I don’t long for Texas sunshine, but I do long for a little dose of the state — in the form of two teams playing in my own backyard.
The mighty South Division of the AHL. Texas, Houston, San Antonio, Oklahoma City, and the not-so-South Charlotte Checkers. It’s a solid division. Lots of NHL impact from the lockout. It’s also where our beloved Barons will spend the majority of their season beginning Friday and Sunday against Houston and Texas.
Houston, a team that OKC saw in preseason only weeks ago, lives and breathes on the prospect, one Mikael Granlund. He’s their leading scorer, most intense prospect, and center worth watching in the coming years. But names like Zucker, Palmierie, and Coyle contribute nightly in ways that spreads the offensive output across several lines, and various types of forward play. This always makes them a dangerous.

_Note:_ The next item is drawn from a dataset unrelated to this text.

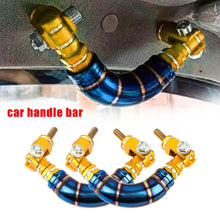 Load image into Gallery viewer, Brand New 1PCS Universal JDM Titanium Blue / Gold Car Aluminum Roll Bar Grab Support Car Interior Grip Roof Handle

But it’s defense that has stung the Aeros to date. Starting tender, Matt Hackett, is 1-4 out of the gate. And when they rely on him, he has to be infinitely better.
Marco Scandella is a dandy defensive player with offensive play making talents. He’s tied for second in assists in the league with six through five games. But even he struggles to take hold of a strong defensive front.

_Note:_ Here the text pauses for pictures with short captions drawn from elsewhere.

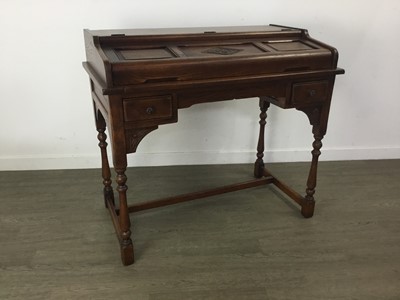 Lot 14 - OAK WRITING DESK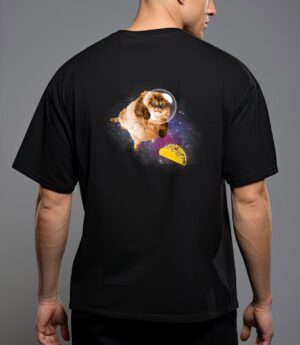 Taco cat , funny taco cat in space , taco cat t-shirt T-Shirt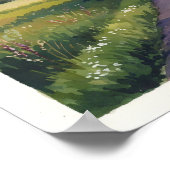 Poster Route de campagne au coucher du soleil -Rustic Cam (Coin)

Houston remains a good power play team (7th in the league), but one of the worst on the kill at second to last. It should be a good series, and that’s a good thing given how often these two will meet in November.

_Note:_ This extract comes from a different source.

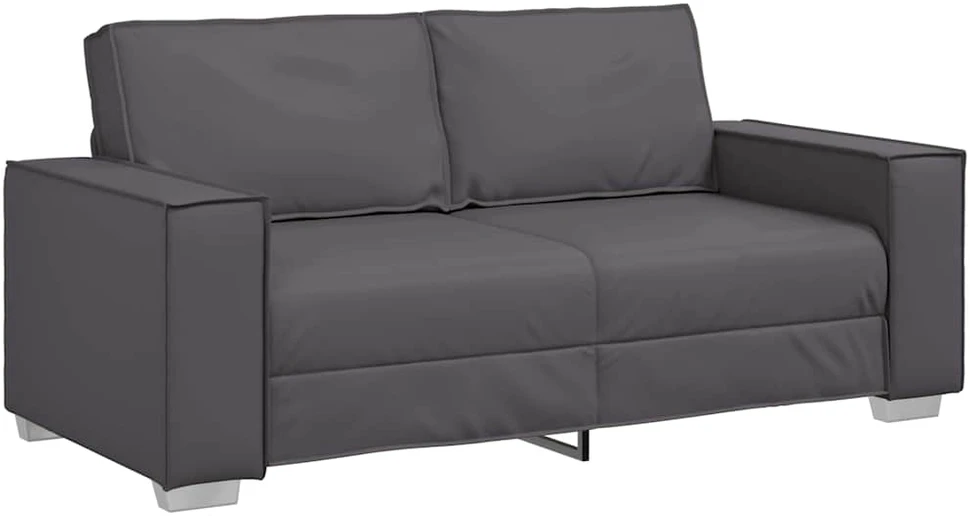 Dvivietė sofa Pilka 180 cm Dirbtinė oda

Then there’s Texas, the only AHL team I watch as much as the Barons. The Stars are right at .500 and directly behind the Barons in the division and west conference standings. The league clearly wants a good rivalry to brew between the OKC team and the one from Cedar Park. It hasn’t happened yet, where the teams really feel the rivalry, but perhaps it’s inevitable. After a terrible season a year ago, the Stars want to roar back to life. Playing the Barons well might be a good start. And that’s something the Stars haven’t done in the last two seasons, the Barons are 12-6-0-02 against Texas.
Oleksiak, Smith, and Chiasson are interesting prospects in the Stars organization, and to some extend have proved valuable early. Young, but valuable. But more familiar faces carry the team. Vincour, Eakin, Benn, Morin, and Petersen are peppered throughout the lineup, and all are fully capable to mount an attack on the South Div, but they haven’t just yet. But, like a few others in the West, they really struggle on the man advantage. But as we’ve seen in OKC, one night can change the percentages early in the season. Add to that the worst penalty kill in the entire American League, and things get scary.
The nuts and bolts of both hockey teams are pretty solid, but neither club has proved itself to be an elite team in the same way Lake Erie has done. This spells trouble for both Texas teams. Might the flood of losses becoming Texas’ way? Stevie Ray thinks so.